On my way to my hostel, I did happen to wander through a night market. Because it was Ramadan, a lot of Berbers had traveled up to Tangiers to sell their wares, which provided a chaotic but interesting environment on my way. I managed to haggle down the price of a goat fur jacket with a Berber while drinking tea, but other than that just tried to navigate my way through the craziness so I could sleep.
Against my better judgement, I finally accepted help from one of the many people milling about in finding the hostel. Funnily enough, I had been right around the corner, so it was a short trip, but ended with haggling over how much I owed him for the help. He really wanted my shirt for some reason, but I handed him a 100 dirham note, which was all I had left after paying for the room and left.
The next morning I decided to leave for Marrakech on the first train out because of my experiences in Tangiers.

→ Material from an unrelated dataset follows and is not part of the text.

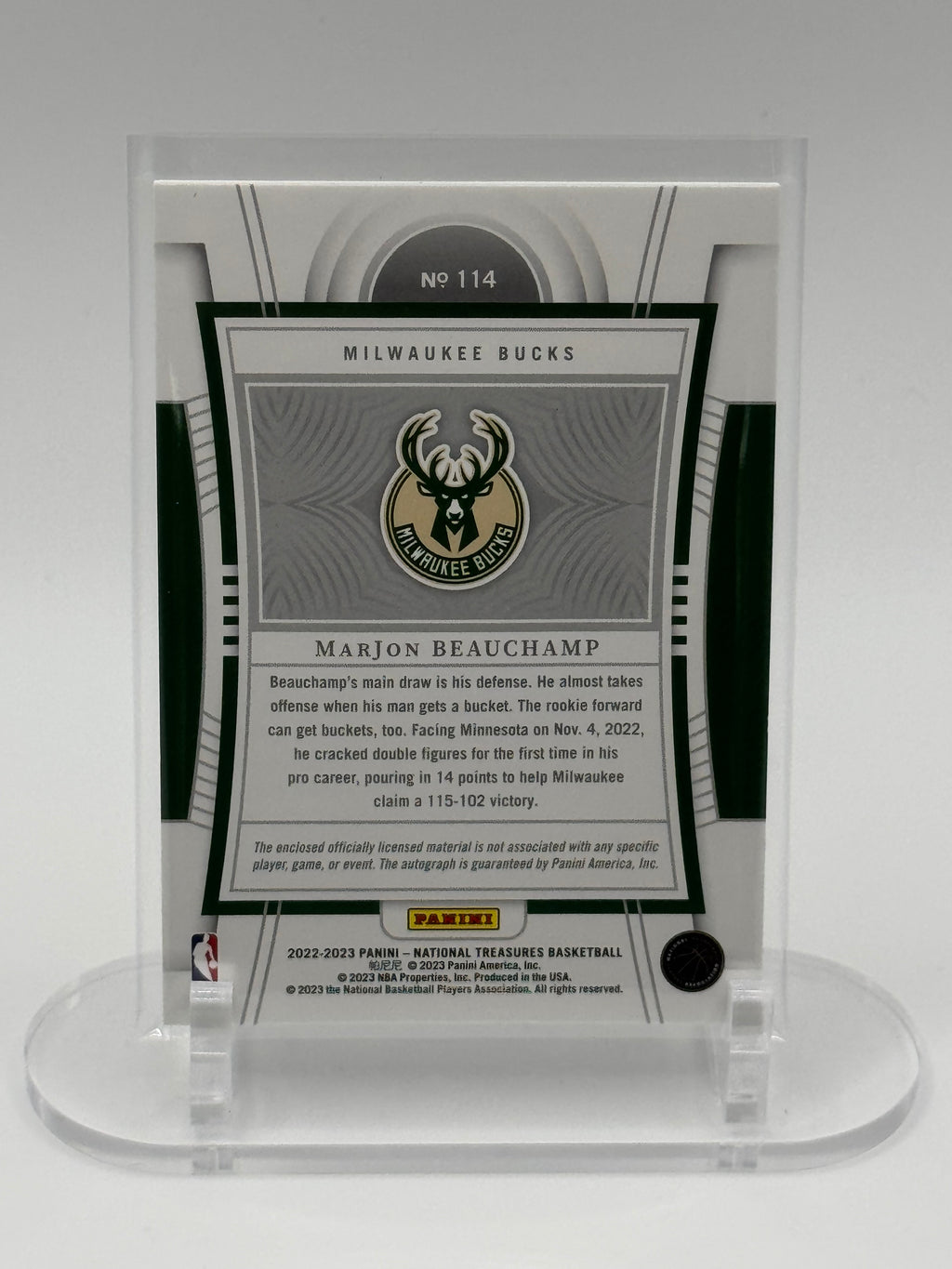 National Treasures 2023🏀 MarJon Beauchamp RC Patch Auto /75 Milwaukee Bucks Rookie Card Autograph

Luckily I was seated with someone who spoke a decent amount of Fusha, because up until that point in Morocco, Arabic and English were failing me, and Spanish was only doing slightly better. So between decent, if sparse, conversation and some beautiful countryside I managed to make my way to Marrakech.
Marrakech was an entirely different experience from Tangiers. People were still interesting in trading and bartering, but weren’t actively trying to rip you off. I was able to get by much better with Fusha and English and the hostel I was staying at was much nicer and cheaper than the one in Tangiers.
The Suq was every bit as chaotic as in Tangiers, but the shopkeepers were a lot easier to deal with. At one point I visited an herbalist to see what kind of spices I could bring back and got a full demonstration of their wares. I ended buying some Argan oil (that was unfortunately later confiscated at Ben Gurion Airport) and a few spices blends. When I got back to the hostels I realised that the Kohl that had been applied to my eyes looked ridiculous.
Because of Ramadan, at night, the market turned into one huge party as droves of people came out to break the fast and celebrate. I journeyed out into that a few times with a group of Germans and ended meeting some pretty cool Moroccans. There were fireworks, cobras, horse drawn carriages, and some random boxing matches. I wish I could’ve stayed a bit longer, but had to leave the next morning for Malta.